* **Activity**
Copy, with no pictures, the line that contains "Father guiding son" and each line after it down to the end of the entries below, exactly.

* **Source data**
┄┄┄┄┄┄┄┄┄┄
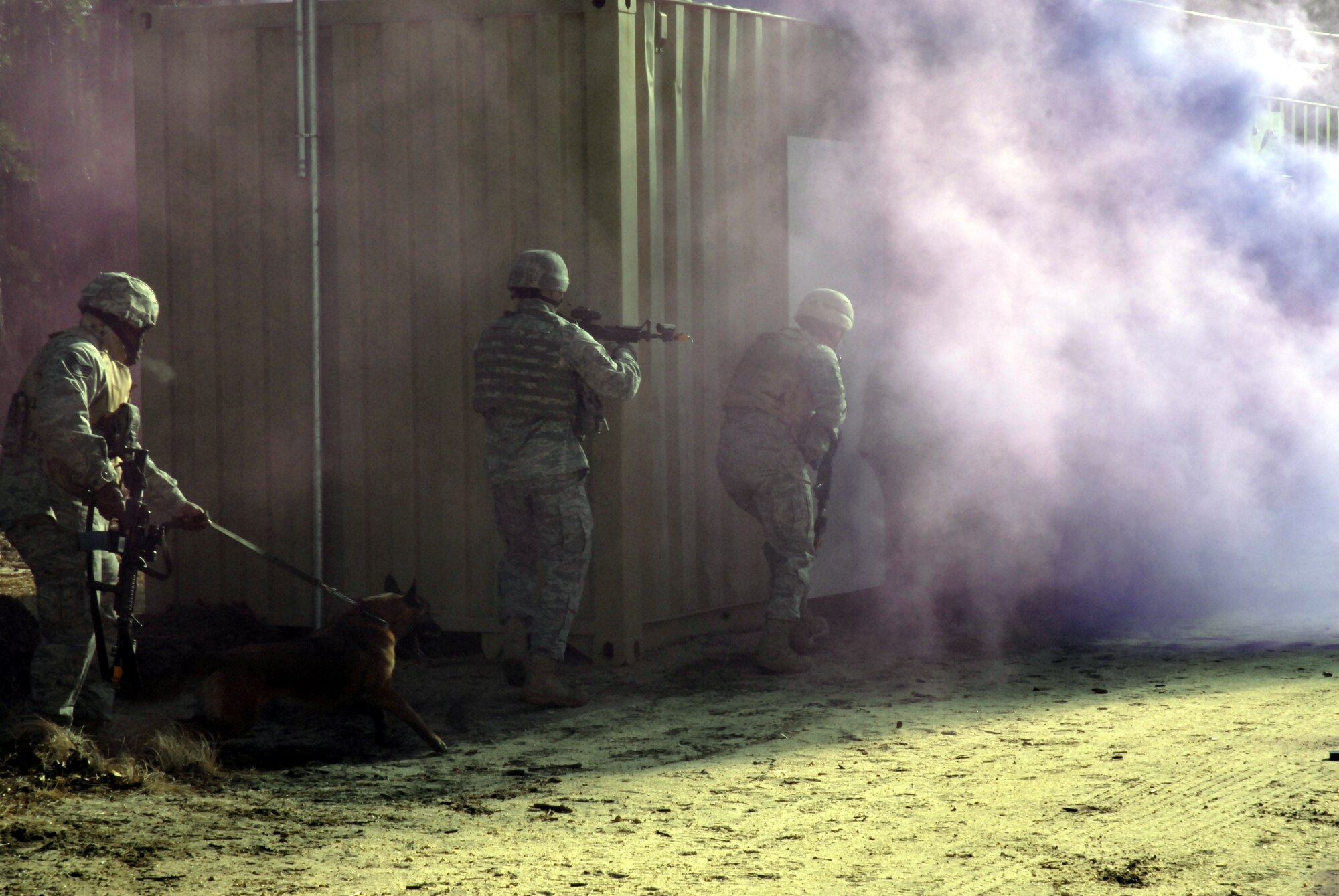 Students in the Air Force Phoenix Warrior Training Course practice tactics for military operations in urban terrain during training on Naval Air Engineering Station Lakehurst, N.J., on Feb. 23, 2009.  The course, taught by the U.S. Air Force Expeditionary Center's 421st Combat Training Squadron at Fort Dix, N.J., prepares security forces Airmen for upcoming deployments.  (U.S. Air Force Photo/Staff Sgt. Paul R. Evans)
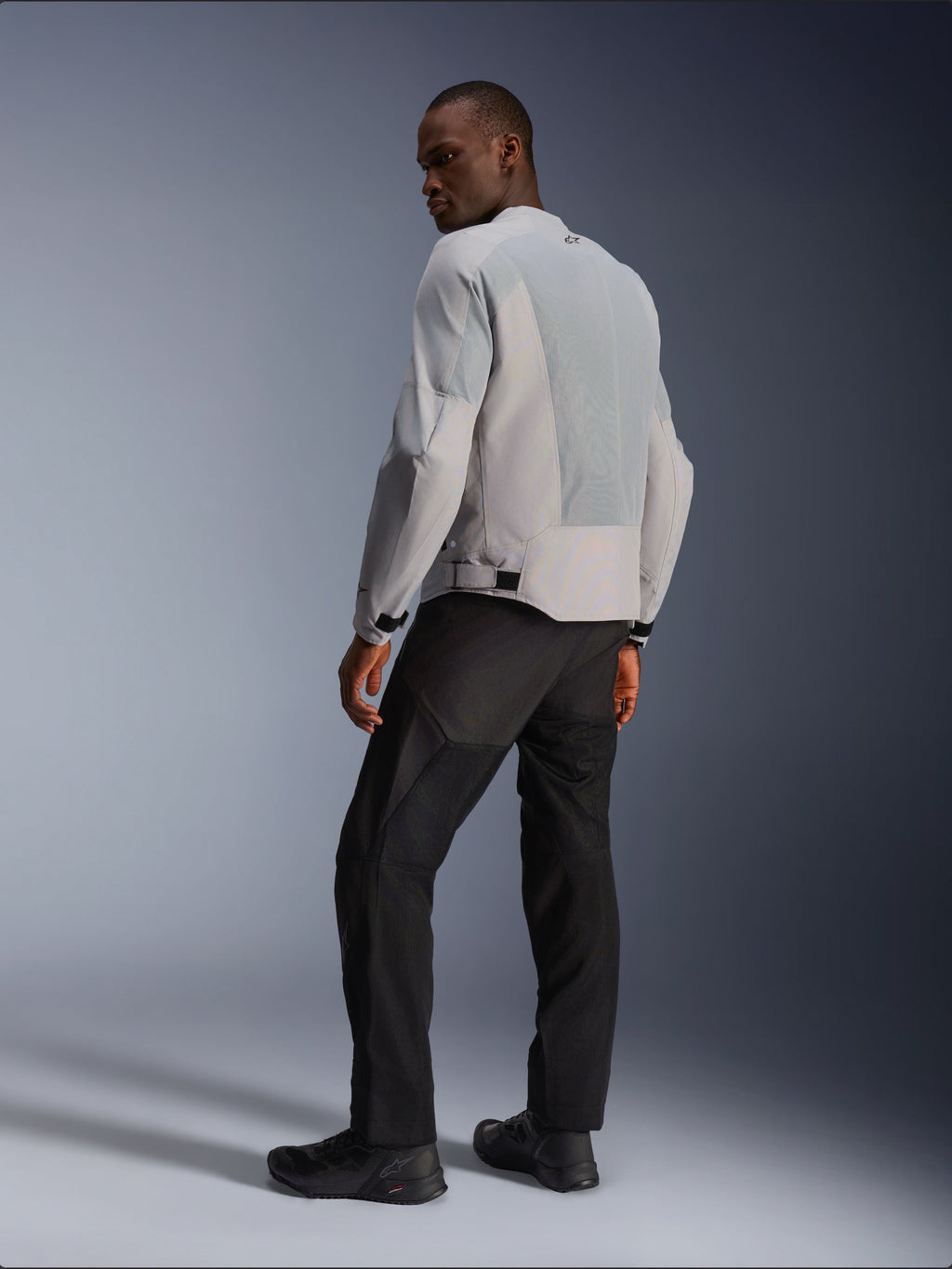 Veste Alpinestars C-1 Air, argent et gris, vue de dos sur un modèle, avec panneaux en maille technique ventilée et logos réfléchissants, portée avec un pantalon et des chaussures noirs, équipement de moto urbain contemporain.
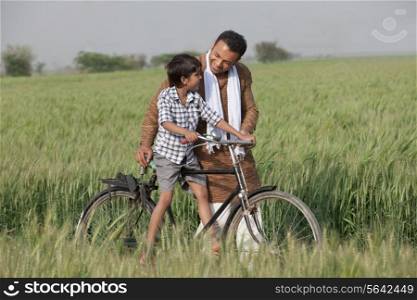 Father guiding son to ride cycle in the field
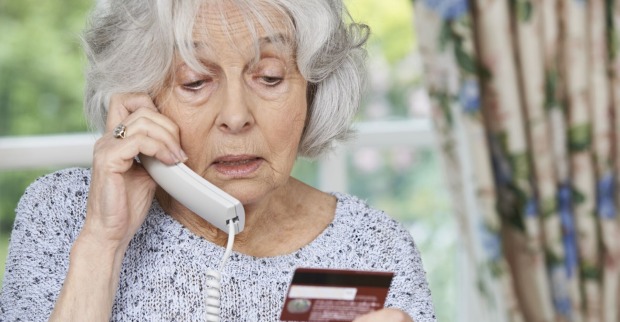 ältere Dame telefoniert und wirft dabei einen Blick auf ihre Kreditkarte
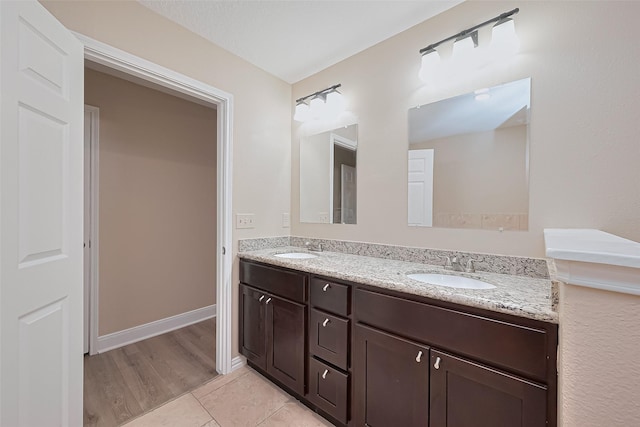bathroom featuring tile patterned flooring, double vanity, and a sink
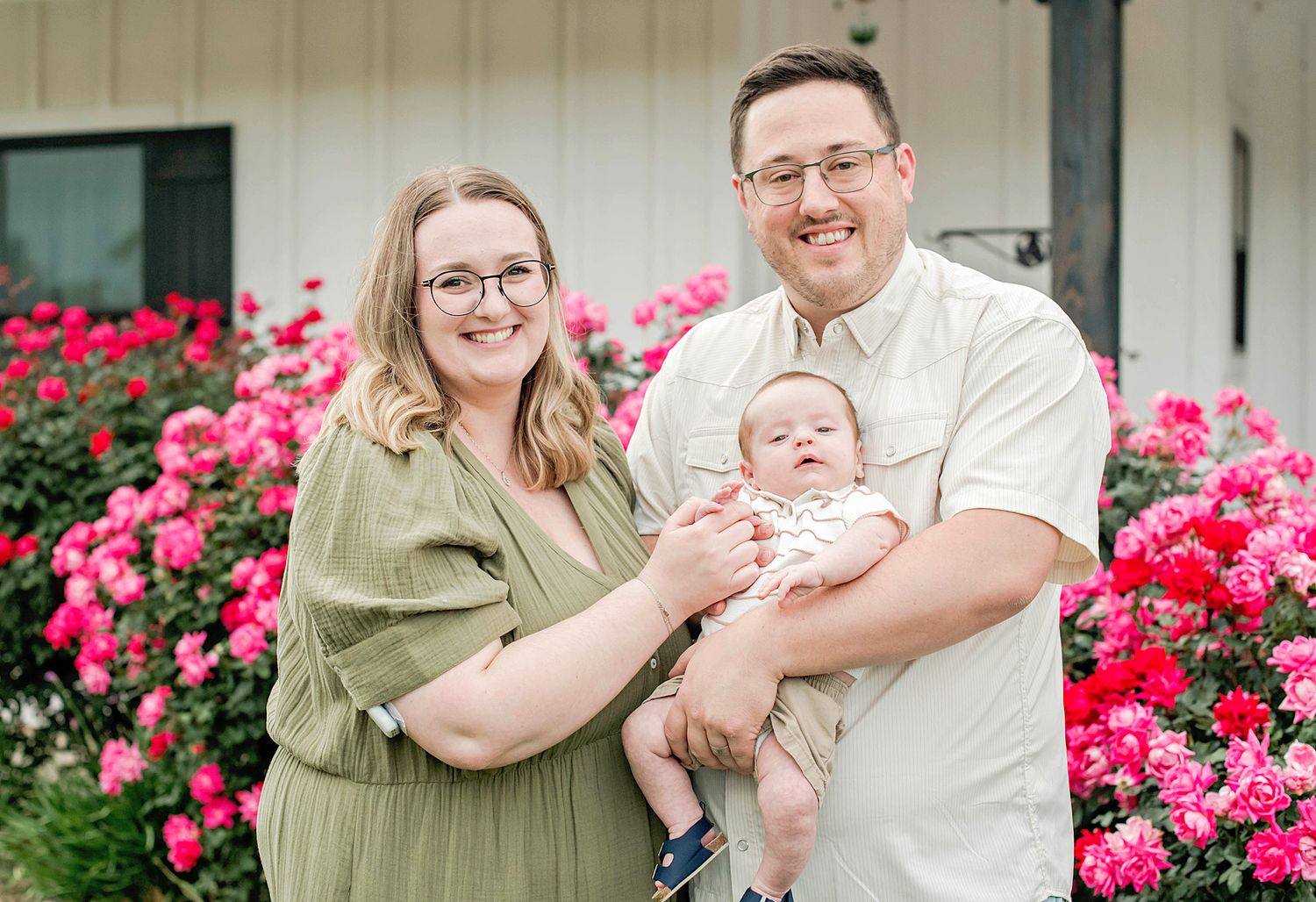 A smiling couple stands outdoors holding a newborn baby in front of vibrant pink rose bushes.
┄┄┄┄┄┄┄┄┄┄
* **Result**
 Father guiding son to ride cycle in the field
 ältere Dame telefoniert und wirft dabei einen Blick auf ihre Kreditkarte
bathroom featuring tile patterned flooring, double vanity, and a sink
 A smiling couple stands outdoors holding a newborn baby in front of vibrant pink rose bushes.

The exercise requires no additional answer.